Und heute? Sprache lebt, Sprache wandelt sich; (gewisse) Menschen werden offener. Besagtes Grünzeug hat es dem Schreiber mittlerweile regelrecht angetan. Anglizismen lösen bei ihm immerhin keinen Brechreiz mehr aus. Und ja: den einen oder anderen hat er auch schon selber in Texte eingebaut. Die Liebe zur verspielten Sprache indes, die ist geblieben. 

Lauch und andere Unwörter

Jetzt ist es offiziell. Auch in der behäbigen Schreibstube am Viehmarkt 1 sind sie angekommen, die Marketing-Unwörter. Wir, die wir die elegante Sprache hochhalten, schon mal einen herrlich veralteten Begriff einfliessen lassen und mitunter einen aus unserer Mundart. Auch uns hat dieses Mödali erreicht.
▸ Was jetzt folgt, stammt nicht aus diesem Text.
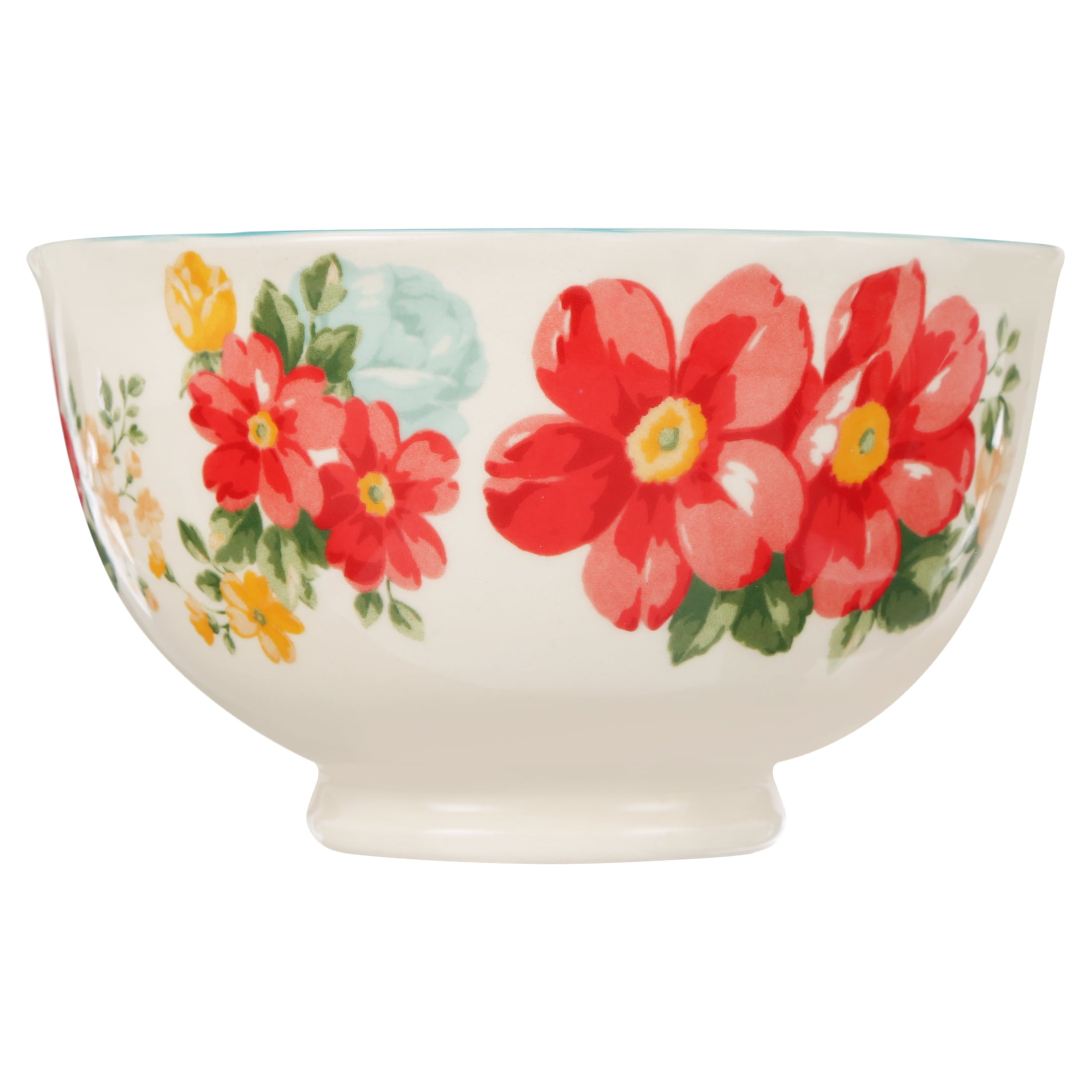 The Pioneer Woman Vintage Floral 4-Piece Footed Bowl Set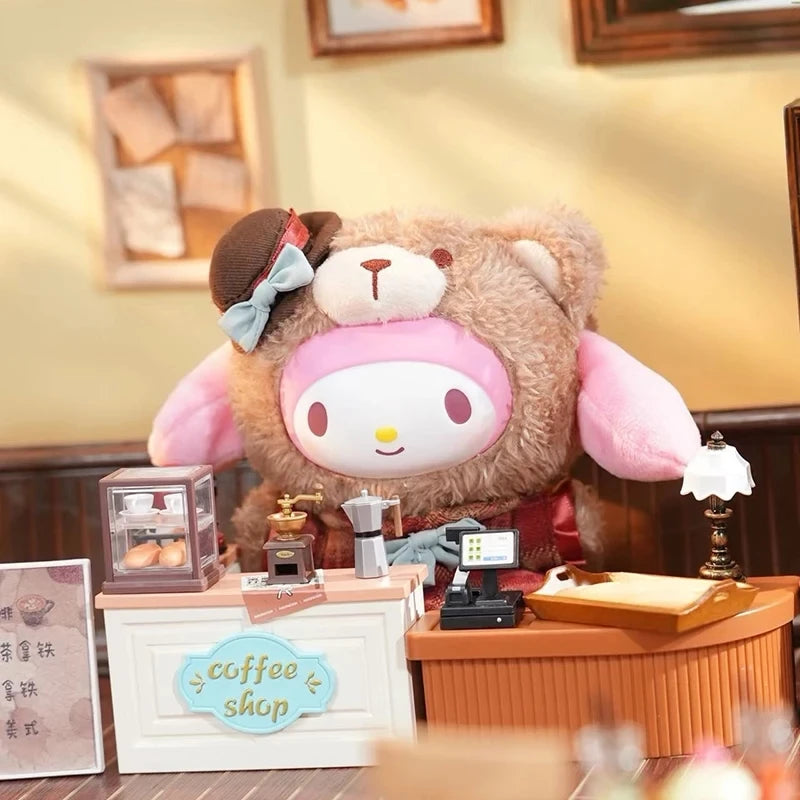 MIniso Sanrio British Afternoon Tea Series Blind Box Kawaii Hello Kitty Plush Doll Vinyl Model Ornament Toys Birthday Gift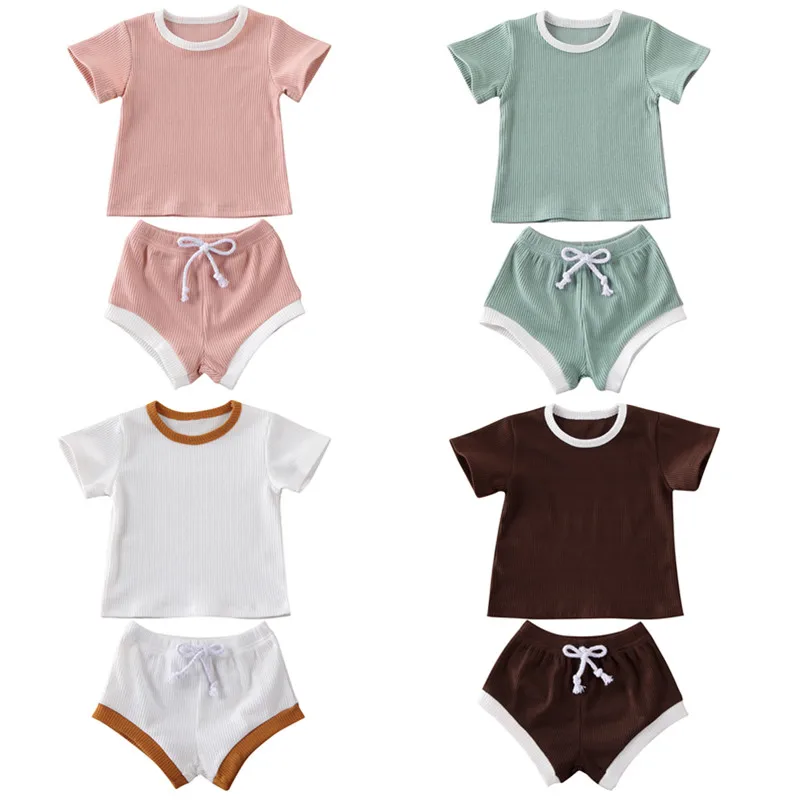 

2020 Baby Girls Boys Clothing sets summer Cute cotton Lion 4Color Soild Short Sleeve Tops + PP Pants 2Pcs Sets 0-3Y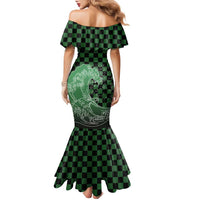 Japanese Asanoha Pattern Family Matching Mermaid Dress and Hawaiian Shirt Water Breathing Slayer Dragon LT9 - Polynesian Pride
Mit der heutigen Ausgabe ist dem «Böttu» ein «sanfter Relaunch» widerfahren – ein gelungener, notabene. Ich weiss nicht, wie es Ihnen geht. Aber ich stolpere jedes Mal über diese Aneinanderreihung von Buchstaben und baue im Kopf unwillkürlich einen Relauch zusammen. So ein Chabis! Als Kind konnte ich Lauch nicht ausstehen, heute verschmähe ich ihn etwas weniger. Ob meine Abneigung gegenüber neudeutschen Wörtern dereinst ebenso abnimmt? Ich wage es zu bezweifeln.
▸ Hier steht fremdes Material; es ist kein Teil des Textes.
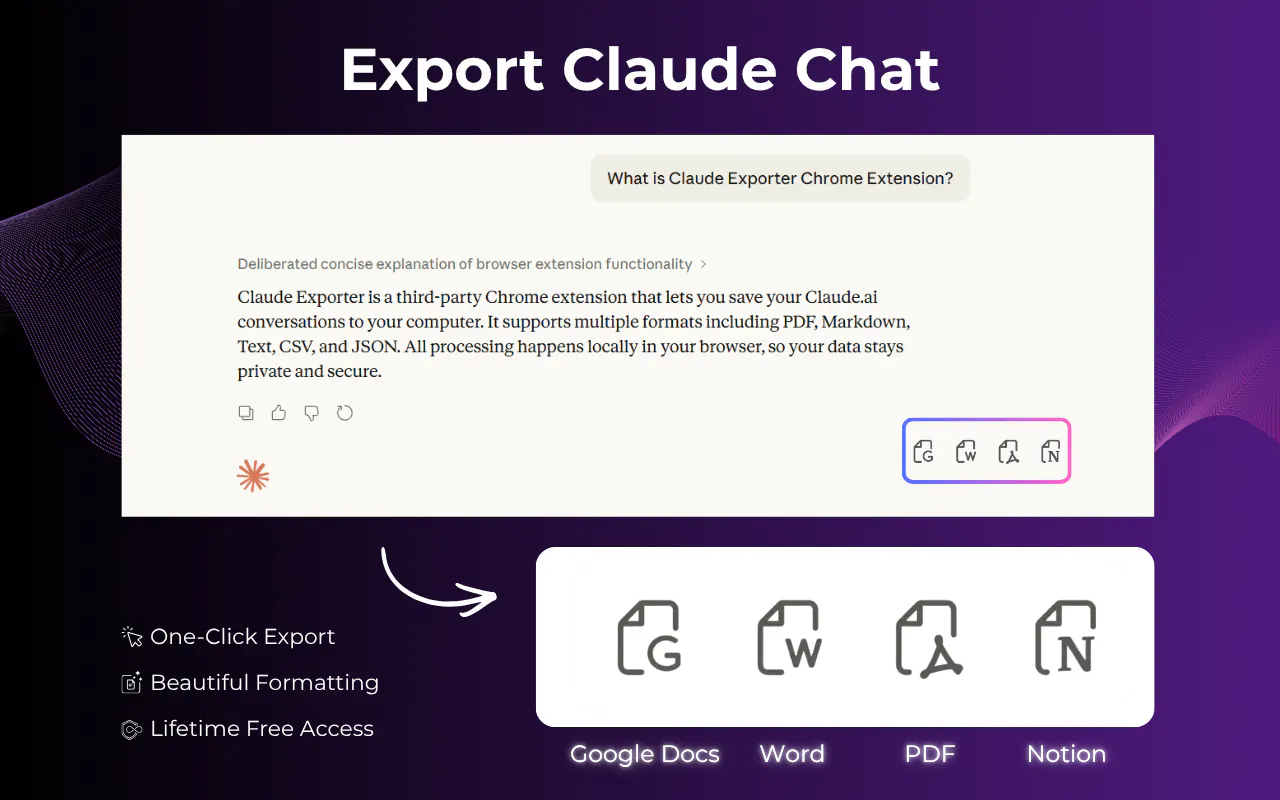 Claude Exporter: Save Claude Chat のプロダクトバナー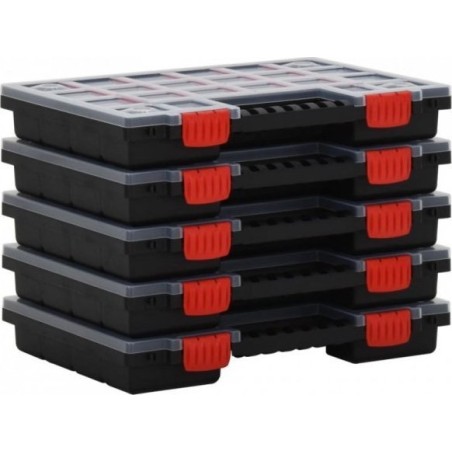 vidaXL Sortimentsboxen, 5 Stück, 34,5 x 25 x 5 cm, Polypropylen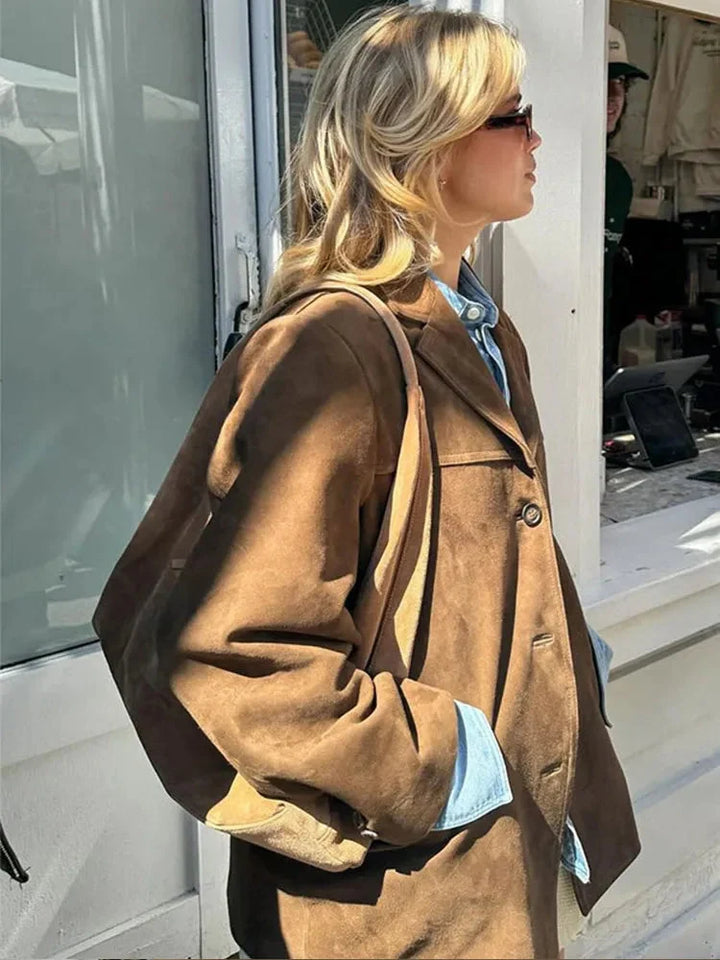 Women's Classic Brown Suede Jacket with Soft Finish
Vermaledeite Modeausdrücke! Auch im Hinterland ist längst jede Hondsverlochete ein Event, jedes noch so kleine Budali hat einen CEO. Anglizismen verunstalten unsere Sprache. Weitere Beispiele gefällig? Ein Branding hat nichts mit der Feuerwehr zu tun, sondern mit dem Aufbau einer Marke. Ein Eyecatcher ist kein Werkzeug zum Öffnen des sonntäglichen Dreiminuteneis. Vielmehr etwas, das dem Betrachter ins Auge springen soll. 

Als wir den Wettbewerb für das neue Gewand unserer Zeitung ausschrieben, führte dies zu Pitches. Bahnhof? Pitch ist die Kurzform von Pitching. Immer noch Railway-Station? Ein Pitching ist die Präsentation von Kampagnenstrategien und Layouts einer Werbeagentur vor Kunden. In einer solchen Agentur arbeitet vielleicht ein Junior-Back-Office-Agent. Was der macht? Ich will es gar nicht wissen! Auch nicht, ob er vor dem Briefing zum Kickoff noch an einem Businesslunch mit dem Art Director war, oder ob dieses Timeout seinen Workflow zu sehr beeinträchtigt hätte.

Engstirnig? Ewiggestrig? Nicht doch! Sprache wandelt sich. Das war immer so und wird immer so sein. Aber jedem Gitzimischt sollten wir Schreiber vom Viehmarkt 1 trotzdem nicht nachrennen.